▶ **Problem**
Only the lines from the one containing "QR-код с контактной" to the end of the records belong in the output; print them exactly.

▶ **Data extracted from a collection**

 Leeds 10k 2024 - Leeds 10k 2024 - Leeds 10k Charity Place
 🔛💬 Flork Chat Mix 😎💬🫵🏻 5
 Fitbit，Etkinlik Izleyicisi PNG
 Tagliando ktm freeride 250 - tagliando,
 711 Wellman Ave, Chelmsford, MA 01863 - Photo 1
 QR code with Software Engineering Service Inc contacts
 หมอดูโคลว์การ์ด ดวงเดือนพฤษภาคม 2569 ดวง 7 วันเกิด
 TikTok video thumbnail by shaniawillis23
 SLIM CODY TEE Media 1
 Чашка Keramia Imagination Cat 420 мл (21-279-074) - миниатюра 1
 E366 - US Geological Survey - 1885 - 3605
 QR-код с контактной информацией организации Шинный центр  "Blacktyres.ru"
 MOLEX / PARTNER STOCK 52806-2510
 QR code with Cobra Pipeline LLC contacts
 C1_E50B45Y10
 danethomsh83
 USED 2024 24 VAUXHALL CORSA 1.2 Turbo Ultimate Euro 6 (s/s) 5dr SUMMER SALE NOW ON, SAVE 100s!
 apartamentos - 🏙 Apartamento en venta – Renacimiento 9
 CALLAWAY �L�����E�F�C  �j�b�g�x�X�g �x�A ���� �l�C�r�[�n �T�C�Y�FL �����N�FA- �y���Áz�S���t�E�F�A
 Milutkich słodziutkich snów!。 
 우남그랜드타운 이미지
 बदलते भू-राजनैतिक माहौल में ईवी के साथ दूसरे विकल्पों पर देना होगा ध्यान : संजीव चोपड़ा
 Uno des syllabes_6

▶ **Solution to this exercise**
 QR-код с контактной информацией организации Шинный центр  "Blacktyres.ru"
 MOLEX / PARTNER STOCK 52806-2510
 QR code with Cobra Pipeline LLC contacts
 C1_E50B45Y10
 danethomsh83
 USED 2024 24 VAUXHALL CORSA 1.2 Turbo Ultimate Euro 6 (s/s) 5dr SUMMER SALE NOW ON, SAVE 100s!
 apartamentos - 🏙 Apartamento en venta – Renacimiento 9
 CALLAWAY �L�����E�F�C  �j�b�g�x�X�g �x�A ���� �l�C�r�[�n �T�C�Y�FL �����N�FA- �y���Áz�S���t�E�F�A
 Milutkich słodziutkich snów!。 
 우남그랜드타운 이미지
 बदलते भू-राजनैतिक माहौल में ईवी के साथ दूसरे विकल्पों पर देना होगा ध्यान : संजीव चोपड़ा
 Uno des syllabes_6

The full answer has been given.